Plasmid segregation actin' up


ParM filaments (green) drive plasmid segregation.

Gerdes/Oxford

Polymerization of an actin-related protein may drive segregation of a bacterial plasmid, according to Jakob Møller-Jensen, Kenn Gerdes (University of Southern Denmark, Odense, Denmark), and colleagues.

Segregation in bacteria was thought to be a rather passive affair, with DNA attaching to the membrane and getting dragged along as cell growth led to membrane expansion. That model was challenged when DNA replication was found to be localized to one area at the cell center, followed by rapid movement of both plasmids and chromosomal DNA from midcell to more polar sites.

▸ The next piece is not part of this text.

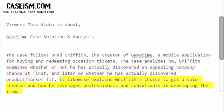The case also explains Griffith's choice to operate as a solo founder and how he leverages professionals and consultants in developing the product.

In the meantime, Gerdes had been working on the segregation requirements for the R1 plasmid. He had found that ParR binds to the parC centromere-like site on the plasmid, and that ParM binds to ParR. Then, Møller-Jensen tried detecting native ParM directly, using immunofluorescence, and saw axial filaments in almost half the cells. "We were very excited," he says, "because this explained a lot of open questions to us."

Filament formation in vivo (and, at lower ParM concentrations, in vitro) required both parC and ParR, suggesting that a parC–ParR complex nucleates the formation of a filament that then drives separation of replicated plasmids. The active nucleator may be dimers of parC–ParR, which form only after replication thanks to the cis-restricted activity of ParR.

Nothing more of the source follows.